**About this task:** The required result is an exact copy of the lines beginning at the line that contains "Zola Servierplatten Käse" and ending at the last line of the material below.
** Data supplied follows **
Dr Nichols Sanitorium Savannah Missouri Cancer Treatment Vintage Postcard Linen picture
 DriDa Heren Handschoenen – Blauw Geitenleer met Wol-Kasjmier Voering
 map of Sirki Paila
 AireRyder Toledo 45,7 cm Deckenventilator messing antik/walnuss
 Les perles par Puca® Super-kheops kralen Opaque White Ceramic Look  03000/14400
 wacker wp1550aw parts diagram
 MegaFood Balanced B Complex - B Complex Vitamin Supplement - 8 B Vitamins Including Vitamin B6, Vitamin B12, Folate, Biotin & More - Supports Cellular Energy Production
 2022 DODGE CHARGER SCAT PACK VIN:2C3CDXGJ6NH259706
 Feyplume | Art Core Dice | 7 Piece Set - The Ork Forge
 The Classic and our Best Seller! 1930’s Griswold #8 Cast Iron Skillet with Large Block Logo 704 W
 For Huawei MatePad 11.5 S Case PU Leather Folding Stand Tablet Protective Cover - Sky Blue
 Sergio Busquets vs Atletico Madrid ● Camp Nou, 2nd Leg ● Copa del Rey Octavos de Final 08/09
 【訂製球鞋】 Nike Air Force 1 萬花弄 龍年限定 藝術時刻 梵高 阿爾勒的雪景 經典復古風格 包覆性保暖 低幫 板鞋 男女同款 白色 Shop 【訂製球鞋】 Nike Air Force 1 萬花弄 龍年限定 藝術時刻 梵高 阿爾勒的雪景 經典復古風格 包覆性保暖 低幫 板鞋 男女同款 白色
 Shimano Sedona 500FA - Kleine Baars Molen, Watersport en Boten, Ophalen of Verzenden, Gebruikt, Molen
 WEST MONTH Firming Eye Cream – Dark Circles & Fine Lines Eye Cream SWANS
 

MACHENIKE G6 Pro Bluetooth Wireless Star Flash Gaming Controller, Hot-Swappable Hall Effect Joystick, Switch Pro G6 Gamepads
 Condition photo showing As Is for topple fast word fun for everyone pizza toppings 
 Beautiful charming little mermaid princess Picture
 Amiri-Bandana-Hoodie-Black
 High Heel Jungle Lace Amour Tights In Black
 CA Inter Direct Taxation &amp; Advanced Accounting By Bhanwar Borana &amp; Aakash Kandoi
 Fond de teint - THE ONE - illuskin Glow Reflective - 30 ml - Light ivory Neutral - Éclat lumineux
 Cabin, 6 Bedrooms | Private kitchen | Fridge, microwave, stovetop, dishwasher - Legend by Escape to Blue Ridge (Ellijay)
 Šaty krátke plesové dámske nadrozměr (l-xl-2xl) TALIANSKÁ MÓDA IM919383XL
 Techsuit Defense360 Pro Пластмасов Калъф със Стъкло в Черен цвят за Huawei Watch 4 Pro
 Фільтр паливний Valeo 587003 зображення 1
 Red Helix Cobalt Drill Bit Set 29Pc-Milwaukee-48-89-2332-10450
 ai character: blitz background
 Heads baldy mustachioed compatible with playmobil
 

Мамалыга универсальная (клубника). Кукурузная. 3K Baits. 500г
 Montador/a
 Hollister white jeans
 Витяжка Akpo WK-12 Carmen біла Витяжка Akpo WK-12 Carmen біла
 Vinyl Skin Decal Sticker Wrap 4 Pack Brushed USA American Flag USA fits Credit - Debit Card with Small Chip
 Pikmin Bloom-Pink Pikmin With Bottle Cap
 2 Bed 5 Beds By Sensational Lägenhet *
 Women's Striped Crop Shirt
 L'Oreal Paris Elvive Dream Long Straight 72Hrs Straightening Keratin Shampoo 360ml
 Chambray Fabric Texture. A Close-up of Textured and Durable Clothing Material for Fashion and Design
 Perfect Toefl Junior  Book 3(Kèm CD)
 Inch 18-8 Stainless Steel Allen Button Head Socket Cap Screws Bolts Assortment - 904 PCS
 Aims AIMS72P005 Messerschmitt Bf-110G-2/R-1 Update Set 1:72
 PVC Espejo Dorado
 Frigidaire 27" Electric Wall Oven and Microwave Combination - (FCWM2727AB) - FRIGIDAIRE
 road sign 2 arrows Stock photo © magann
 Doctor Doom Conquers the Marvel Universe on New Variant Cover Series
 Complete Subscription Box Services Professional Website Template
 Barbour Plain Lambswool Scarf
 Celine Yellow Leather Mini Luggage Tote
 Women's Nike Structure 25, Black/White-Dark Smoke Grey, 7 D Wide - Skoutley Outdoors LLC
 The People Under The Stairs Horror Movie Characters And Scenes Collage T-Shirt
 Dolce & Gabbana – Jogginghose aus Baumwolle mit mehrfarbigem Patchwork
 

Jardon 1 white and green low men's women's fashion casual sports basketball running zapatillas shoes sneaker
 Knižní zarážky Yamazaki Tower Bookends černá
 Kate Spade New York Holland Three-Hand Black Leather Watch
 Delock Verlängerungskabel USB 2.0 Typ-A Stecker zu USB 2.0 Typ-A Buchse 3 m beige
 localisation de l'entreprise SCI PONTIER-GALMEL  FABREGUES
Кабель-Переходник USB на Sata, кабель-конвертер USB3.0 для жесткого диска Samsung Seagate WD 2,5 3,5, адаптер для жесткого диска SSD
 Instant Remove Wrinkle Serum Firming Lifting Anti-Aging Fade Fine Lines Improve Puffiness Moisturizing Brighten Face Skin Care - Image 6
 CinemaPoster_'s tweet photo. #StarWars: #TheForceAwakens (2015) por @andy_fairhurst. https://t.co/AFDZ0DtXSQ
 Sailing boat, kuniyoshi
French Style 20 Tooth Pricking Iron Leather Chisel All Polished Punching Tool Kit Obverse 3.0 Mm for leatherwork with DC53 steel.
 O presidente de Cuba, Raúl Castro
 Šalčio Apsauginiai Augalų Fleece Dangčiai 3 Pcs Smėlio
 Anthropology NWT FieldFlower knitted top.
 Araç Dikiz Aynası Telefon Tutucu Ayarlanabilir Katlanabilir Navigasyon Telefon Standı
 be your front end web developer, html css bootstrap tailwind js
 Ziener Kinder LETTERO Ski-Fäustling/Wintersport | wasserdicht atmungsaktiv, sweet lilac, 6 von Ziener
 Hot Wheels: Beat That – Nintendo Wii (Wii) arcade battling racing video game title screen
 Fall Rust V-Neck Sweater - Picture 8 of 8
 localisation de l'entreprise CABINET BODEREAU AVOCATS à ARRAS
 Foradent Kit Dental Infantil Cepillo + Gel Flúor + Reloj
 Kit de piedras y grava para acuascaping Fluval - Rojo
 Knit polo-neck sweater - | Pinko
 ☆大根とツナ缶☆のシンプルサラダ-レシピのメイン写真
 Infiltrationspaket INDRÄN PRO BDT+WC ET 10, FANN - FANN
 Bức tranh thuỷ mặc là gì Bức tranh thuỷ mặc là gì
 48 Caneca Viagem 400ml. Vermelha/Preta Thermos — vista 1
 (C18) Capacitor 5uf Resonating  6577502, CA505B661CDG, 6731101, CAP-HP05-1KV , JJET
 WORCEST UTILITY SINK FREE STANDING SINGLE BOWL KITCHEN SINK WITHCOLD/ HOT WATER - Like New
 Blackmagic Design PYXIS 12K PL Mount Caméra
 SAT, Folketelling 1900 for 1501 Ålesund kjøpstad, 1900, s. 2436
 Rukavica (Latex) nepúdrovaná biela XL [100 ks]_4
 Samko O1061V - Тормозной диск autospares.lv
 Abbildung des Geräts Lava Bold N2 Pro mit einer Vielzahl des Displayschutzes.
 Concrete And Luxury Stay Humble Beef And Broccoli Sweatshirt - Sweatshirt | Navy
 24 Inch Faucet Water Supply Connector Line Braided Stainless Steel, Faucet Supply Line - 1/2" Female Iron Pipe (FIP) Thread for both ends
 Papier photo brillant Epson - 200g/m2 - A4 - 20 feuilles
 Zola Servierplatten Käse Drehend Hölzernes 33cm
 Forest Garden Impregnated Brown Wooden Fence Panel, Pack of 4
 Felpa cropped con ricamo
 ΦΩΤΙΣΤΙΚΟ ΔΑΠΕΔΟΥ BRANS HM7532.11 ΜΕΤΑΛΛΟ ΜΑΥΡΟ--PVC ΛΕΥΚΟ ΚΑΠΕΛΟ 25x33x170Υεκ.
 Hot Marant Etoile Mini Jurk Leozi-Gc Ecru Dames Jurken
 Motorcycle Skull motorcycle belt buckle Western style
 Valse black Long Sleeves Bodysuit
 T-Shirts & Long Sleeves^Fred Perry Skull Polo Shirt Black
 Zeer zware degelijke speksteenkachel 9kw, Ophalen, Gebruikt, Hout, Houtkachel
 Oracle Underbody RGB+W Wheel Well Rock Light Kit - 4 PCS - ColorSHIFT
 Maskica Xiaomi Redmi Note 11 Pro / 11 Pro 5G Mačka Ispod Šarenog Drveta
** End of Data supplied **
**Task result:**
 Zola Servierplatten Käse Drehend Hölzernes 33cm
 Forest Garden Impregnated Brown Wooden Fence Panel, Pack of 4
 Felpa cropped con ricamo
 ΦΩΤΙΣΤΙΚΟ ΔΑΠΕΔΟΥ BRANS HM7532.11 ΜΕΤΑΛΛΟ ΜΑΥΡΟ--PVC ΛΕΥΚΟ ΚΑΠΕΛΟ 25x33x170Υεκ.
 Hot Marant Etoile Mini Jurk Leozi-Gc Ecru Dames Jurken
 Motorcycle Skull motorcycle belt buckle Western style
 Valse black Long Sleeves Bodysuit
 T-Shirts & Long Sleeves^Fred Perry Skull Polo Shirt Black
 Zeer zware degelijke speksteenkachel 9kw, Ophalen, Gebruikt, Hout, Houtkachel
 Oracle Underbody RGB+W Wheel Well Rock Light Kit - 4 PCS - ColorSHIFT
 Maskica Xiaomi Redmi Note 11 Pro / 11 Pro 5G Mačka Ispod Šarenog Drveta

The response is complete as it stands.